= Bhawana Sharma =

Indian handball player

Bhawana Sharma (born 2003) is a handball player from Himachal Pradesh. She plays for the India women’s National Handball team as centre back.

== Early life ==
Sharma is from Navgaon, Kunihar, Solan district, Himachal Pradesh, India. Her father, Hem Raj, is a farmer and also works as a car mechanic during the off season. She is the youngest of three sisters, all handball players. She started playing handball in Class 6. The eldest sister, Nidhi, a former Indian player, got a government job in sports quota and her other sister, Mithali is also in the Indian senior team. The three girls were spotted and trained initially by former Indian handball couple Snehalatha and Sachin Chaudhary. All three sisters represented India in the 2023 Asian Games at Hangzhou, China.

== Career ==
Sharma was part of the Indian senior when India made their debut in the 2022 IHF Women’s Junior World Championship. India had two wins and finished 26th in the championship. Sharma finished as the third top scorer in the tournament with 58 goals, only four less than the top scorers Kim Molenaar and Charlotte Cholevova. Her average of 8.29 goals per game was also third in the competition. Earlier, she was part of the Indian team that won the Asian Women's Junior Handball Championship in 2022. The win helped India qualify for their IHF World Championship qualification ever.

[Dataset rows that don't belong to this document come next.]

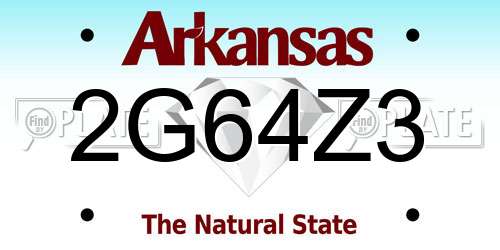 2G64Z3 Arkansas License Plate
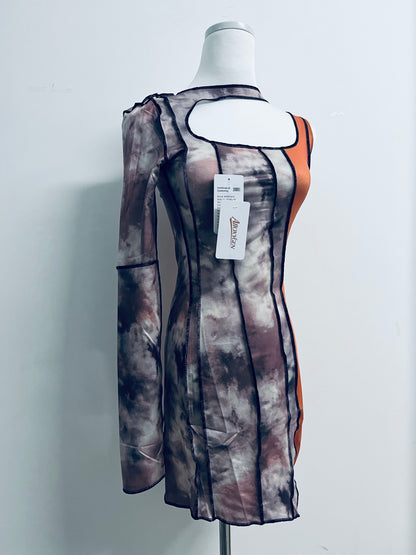 AllOXYGEN Orange Dress for Women, Womens  Fall Dress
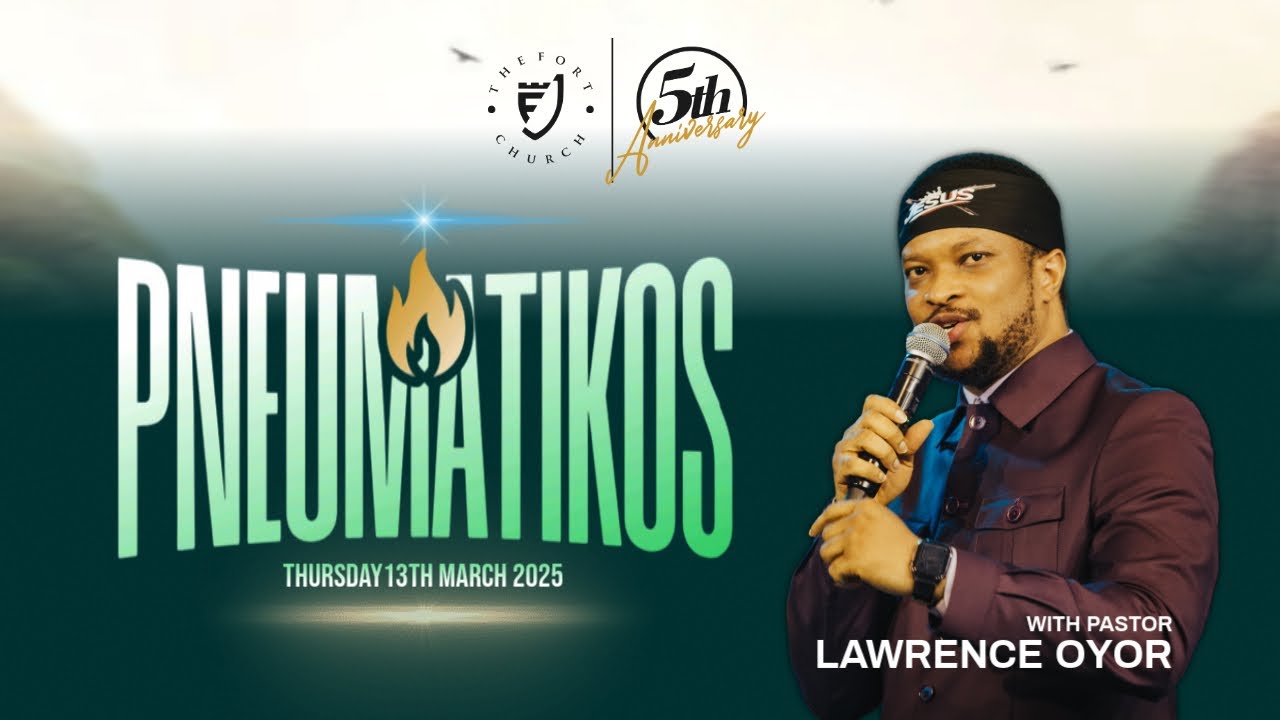 Pastor Lawrence Oyor's Ministration at The Fort Church 5th Anniversary | 13th March 2025
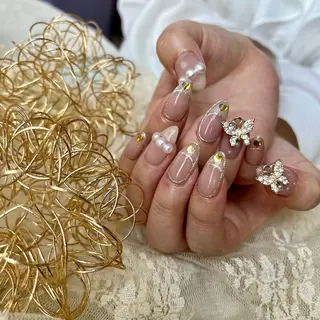ネイル n / ワンホン ニュアンスのネイルデザイン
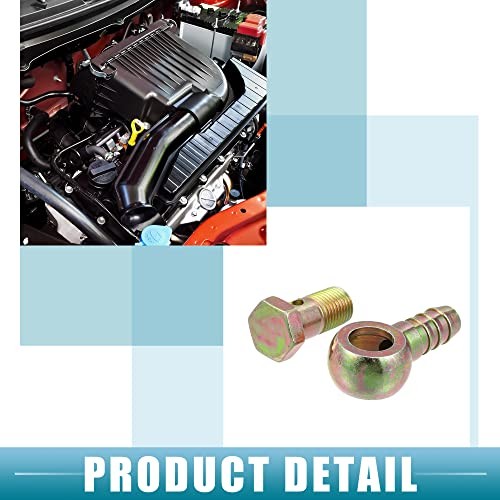 Banjo Bolt M14x1.5 14mm Banjo Hose Barb Bolt Fittings Brake Line Fitting
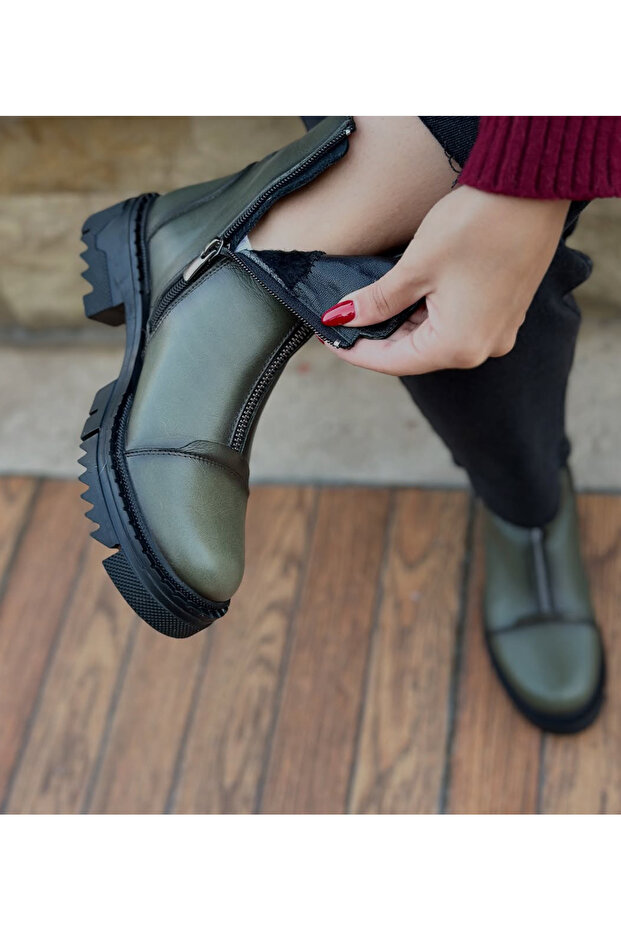 %100 DERİ KAR BOTU - 2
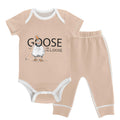 vvfelixl Funny Goose Short-Sleeve Baby Bodysuit & Pants Set (3M)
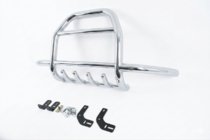 Suzuki Jimny 1998–2018 Priekšējais aizsargstienis (bullbar) QT007-Exclusive (bez uzraksta, nerūsējošais tērauds) foto 3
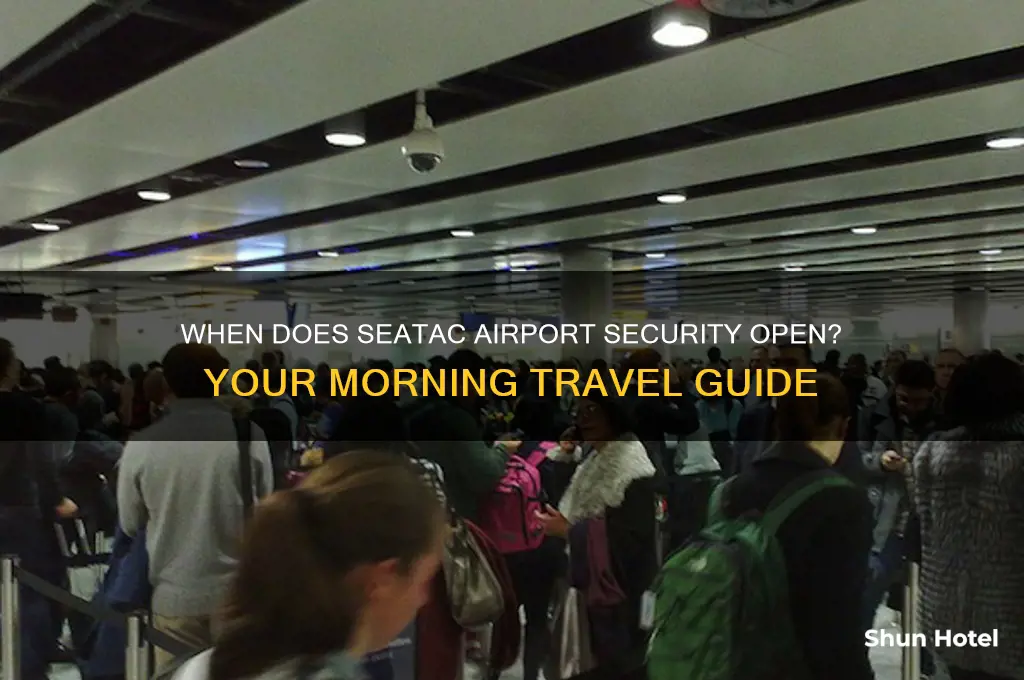 what time does seatac airport security open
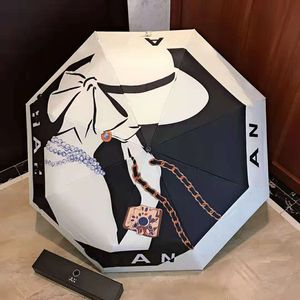 Ombrelli di design Ombrello da pioggia automatico di lusso Donna Uomo Parasole pieghevole con protezione UV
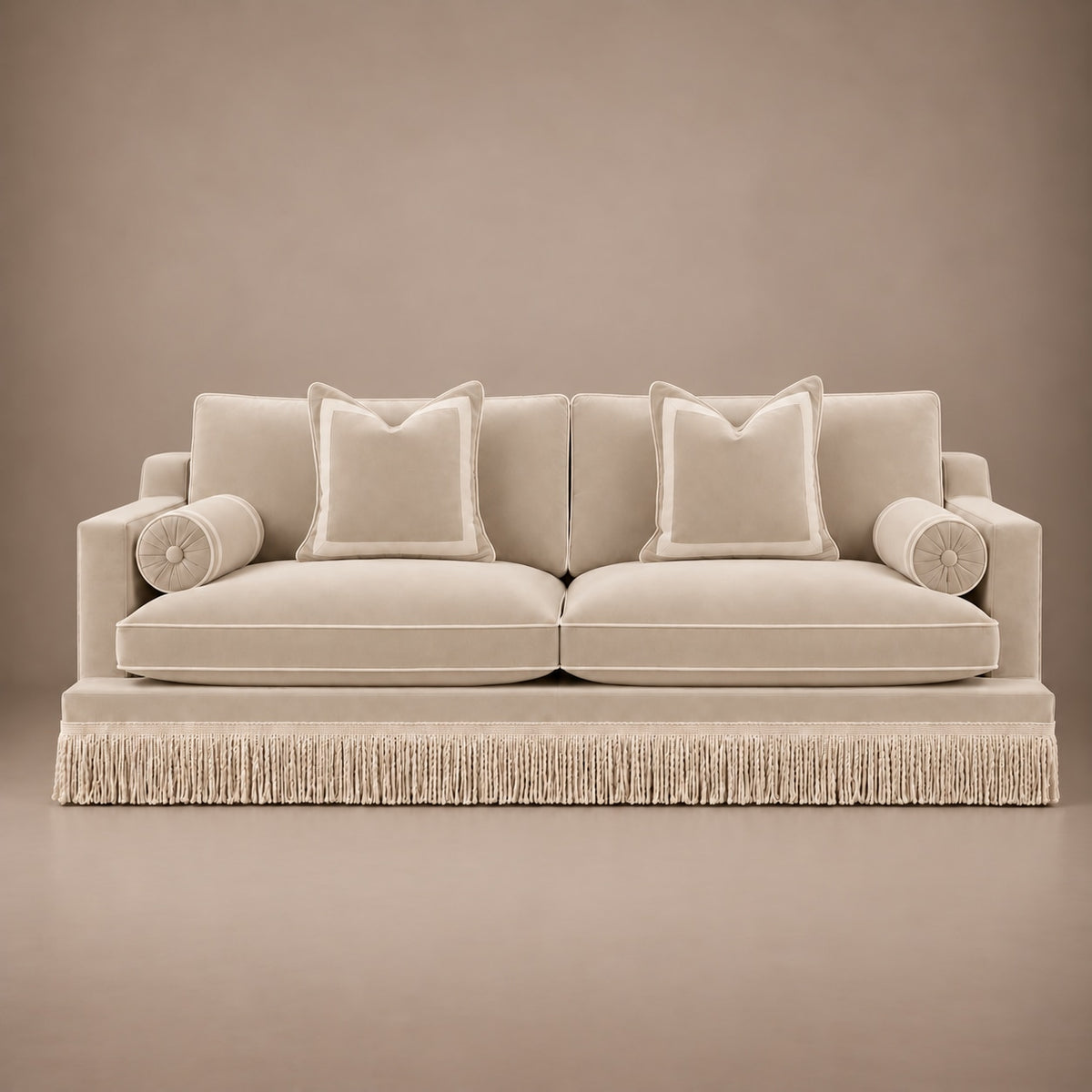 Orlando Sofa 230 cm - Chestnut Velvet & Sophie Bullion Fringe by RIJD Interior — variant detail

In 2023, she was part of the Indian women's team at the Asian Games at Hangzhou, the People’s Republic of China. This is the fifth Asian Games for the Indian women's team. They finished third in a tough group behind Japan and China and failed to advance.

In December 2024, she represented India in the Asian Women’s Handball Championship 2024 at the Indira Gandhi Arena in New Delhi. She performed well to bag the 'Player of the March' honour. India finished sixth, their best ever result in the Asian event.

=== Domestic ===
In April 2022, Sharma was part of the Himachal Pradesh senior women's team that won the 50th Senior Women’s National Handball Championship at the Saroornagar Indoor Stadium in Hyderabad under the aegis of the then Handball Federation of India. Sharma won the best player of the tournament award. Himachal Pradesh also won the Senior Nationals in 2021.